Rate Cuts May Not Be Enough to Drive CRE Prices Higher
The level of interest rates may no longer be the one-factor model for CRE prices
CRE owners are likely to focus on net income preservation instead of interest rates in the coming year, according to CoStar Group’s January real estate update.
While high interest rates and speculation about whether/when the Fed will lower them have dominated the capital markets for months, CoStar expects they will not play as significant a role in the months ahead.

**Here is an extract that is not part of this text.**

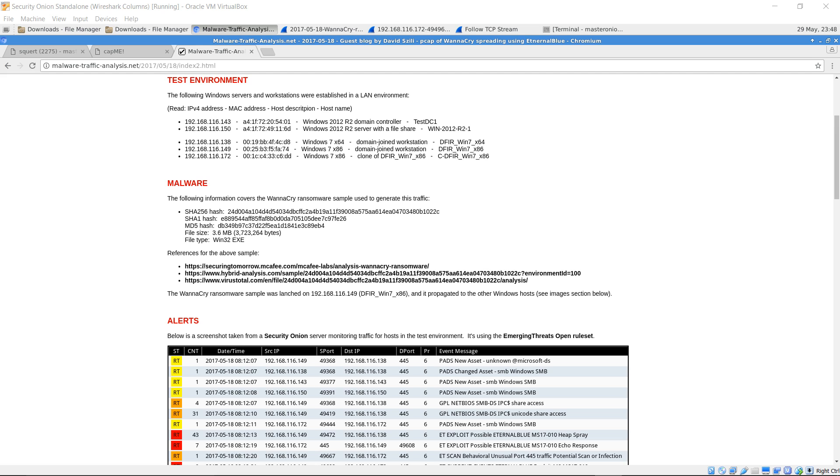For more information, read the WannaCry ransomware analysis report by McAfee Labs. The link is in the description. Thanks a lot for watching my video. I appreciate all the positive feedback and subscriptions.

This view flies somewhat in the face of the ongoing demands from CRE investors for interest rates to be lowered to encourage deal-making and development. It comes even as markets speculate that the Fed appears set to start cutting rates in March. Right now, the market is pricing in six 25-basis-point rate cuts next year to a range of 3.75% to 4%, or a reduction of about 150 basis points from its current range of 5.25% to 5.5%, according to CoStar. The Federal Open Markets Committee expects a cut in the mid-to-upper 4% range by year end.
CRE prices were depressed because of high interest rates, a boom in post-Covid supply and a weak office market, CoStar noted. But lower rates alone may not boost prices as much as had been hoped. “As absorption continues to cool in tandem with a steady supply of new deliveries in 2024 and 2025, the level of interest rates may no longer be the one-factor model for commercial real estate prices that they have been,” CoStar noted.
CoStar called the anticipated interest rate cuts a welcome reprieve. The question now is whether they will be enough to drive up CRE prices and unstick the market.